In-country experts can help CFOs compliance, reporting, and cultural intricacies as well as export, IP transfer, and tax costs. Repatriating profits can also pose difficult challenges in some regions due to regional politics and legislation.
A good international partner demonstrates expertise in your prospective market area and can offer alternatives if the potential region turns out to be less than optimal. They also have a complete understanding of trade treaties, duties, interest rates, inflation, and other factors that can affect company financials.
International Expansion Entity Set Up & Alternative Services
Unsurprisingly, CFOs may hesitate to budget large sums towards international expansion in an unproven market. It doesn’t make financial sense to pour resources into establishing a new entity unless the market’s lucrative and the company can recoup their investment.
Fortunately, CFOs have another option rather than initially investing heavily in international expansion before they’ve tested the waters. They can work with an international partner that offers an Employer of Records service to hire and operate in the new region.
An Employer of Record assumes tax and legal liability for workers and handles compliance needs. They can also manage all aspects of hiring from recruitment to onboarding. If the market provides expected returns, the company can move forward and set up an entity to secure their position in the territory.
The right international partner makes it simple to transition towards an entity once the market’s proven viable. They are also a CFOs go-to source for in-country information if the unexpected happens, and the company needs to shift direction.
Mergers and Acquisitions Assistance
Some companies achieve international expansion by acquiring an existing entity and integrating it with their primary operation. However, due diligence should include more than a review of company financials. Each region presents unique challenges, many of which never appear on paper.

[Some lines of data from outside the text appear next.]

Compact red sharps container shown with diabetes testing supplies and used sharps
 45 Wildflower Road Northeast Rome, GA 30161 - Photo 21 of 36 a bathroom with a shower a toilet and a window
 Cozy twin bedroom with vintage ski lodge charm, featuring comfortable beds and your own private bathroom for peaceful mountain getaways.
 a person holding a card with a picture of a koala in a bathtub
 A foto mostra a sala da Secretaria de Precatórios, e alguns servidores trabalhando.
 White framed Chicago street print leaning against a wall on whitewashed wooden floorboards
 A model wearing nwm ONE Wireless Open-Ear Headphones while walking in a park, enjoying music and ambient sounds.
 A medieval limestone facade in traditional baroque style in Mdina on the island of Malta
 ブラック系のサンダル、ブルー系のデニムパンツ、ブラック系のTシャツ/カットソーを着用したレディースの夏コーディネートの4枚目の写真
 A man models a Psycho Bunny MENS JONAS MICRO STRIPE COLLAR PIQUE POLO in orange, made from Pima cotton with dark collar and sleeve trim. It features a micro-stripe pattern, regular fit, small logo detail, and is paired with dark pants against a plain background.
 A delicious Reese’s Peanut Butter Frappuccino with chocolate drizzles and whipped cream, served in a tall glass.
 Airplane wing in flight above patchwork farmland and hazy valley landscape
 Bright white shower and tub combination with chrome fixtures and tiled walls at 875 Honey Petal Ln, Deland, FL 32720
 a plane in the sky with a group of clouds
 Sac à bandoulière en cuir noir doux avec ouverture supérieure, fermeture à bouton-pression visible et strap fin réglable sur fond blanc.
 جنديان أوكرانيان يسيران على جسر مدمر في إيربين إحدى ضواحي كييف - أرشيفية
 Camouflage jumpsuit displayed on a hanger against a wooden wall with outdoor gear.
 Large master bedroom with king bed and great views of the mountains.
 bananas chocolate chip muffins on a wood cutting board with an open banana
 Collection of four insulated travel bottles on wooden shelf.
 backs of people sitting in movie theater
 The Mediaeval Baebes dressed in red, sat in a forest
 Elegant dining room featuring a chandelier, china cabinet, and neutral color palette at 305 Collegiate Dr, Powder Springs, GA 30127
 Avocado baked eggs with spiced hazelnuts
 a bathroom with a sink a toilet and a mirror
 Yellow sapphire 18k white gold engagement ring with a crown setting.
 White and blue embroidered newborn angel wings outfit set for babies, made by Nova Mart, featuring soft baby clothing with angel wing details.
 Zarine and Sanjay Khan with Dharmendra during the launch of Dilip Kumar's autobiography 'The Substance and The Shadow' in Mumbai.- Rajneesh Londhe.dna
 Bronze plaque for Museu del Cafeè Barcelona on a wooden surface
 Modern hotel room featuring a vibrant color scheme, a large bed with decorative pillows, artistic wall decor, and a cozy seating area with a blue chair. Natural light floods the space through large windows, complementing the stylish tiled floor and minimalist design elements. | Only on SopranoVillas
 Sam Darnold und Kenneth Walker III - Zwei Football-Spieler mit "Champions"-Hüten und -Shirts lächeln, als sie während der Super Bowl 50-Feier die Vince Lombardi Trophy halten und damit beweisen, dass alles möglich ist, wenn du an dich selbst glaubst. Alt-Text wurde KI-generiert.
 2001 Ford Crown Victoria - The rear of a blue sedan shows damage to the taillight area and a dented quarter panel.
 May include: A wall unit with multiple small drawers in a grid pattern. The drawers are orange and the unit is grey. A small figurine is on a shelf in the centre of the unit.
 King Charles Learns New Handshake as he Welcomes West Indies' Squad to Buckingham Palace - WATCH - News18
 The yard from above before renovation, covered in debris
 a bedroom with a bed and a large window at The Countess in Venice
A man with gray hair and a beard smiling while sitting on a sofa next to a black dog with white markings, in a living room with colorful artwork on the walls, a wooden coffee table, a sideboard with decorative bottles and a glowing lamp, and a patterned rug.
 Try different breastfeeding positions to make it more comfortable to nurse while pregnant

In-country advice is paramount during merger and acquisition negotiations, which always include financial decisions. Cultural and language barriers and regulatory nuances can pose significant challenges and undermine success when mishandled.
Mergers and acquisitions face the same challenges as starting a new operation and more. Besides establishing terms for cross-border payments, credit, liquidity, and optimizing supply chains, the company may need to deal with terminations as they bring on new employees to fulfill their vision. This increases regulatory risk, and the process must be handled to the letter of the law.
The right international partner has assisted many companies during negotiations. They also know how to finalize a deal for the best possible results, always considering language, culture, and legal responsibilities. They keep the best interests in front of mind and provide unbiased advice allowing the CFO to make informed decisions.
A good international expansion partner is also aware of incentives in the region that could lighten a company’s financial burden. Buying a nearby business could lead to substantial savings if it falls within a special economic zone.
Full Suite of Centralized Options
International expansion increases financial complexity, but adopting a centralized system can ensure the new region blends with the existing operation as seamlessly as possible.
Fortunately, when you choose to work with a well-established international partner, they already have the infrastructure in place. CFOs do not need to invest vast sums in relevant technology for payroll, HR, taxes, and reporting. Instead, they can choose from a la carte offerings and harmonized technologies to coordinate needs. This also provides economies of scale as the company grows.
A well-positioned international partner provides top-notch technology and data security and tailors operational systems to company needs. CFOs always have real-time data to monitor finances properly, no matter the location.
CFOs may find they need assistance with basic financial functions too. Setting up a bank account, making payment transfers between international operations, establishing credit, and finding optimal conversion rates is often difficult.
Luckily, a good international partner provides the support needed in regions fraught with complexities. Their local connections cut through red tape and help companies establish their financials quicker and more efficiently.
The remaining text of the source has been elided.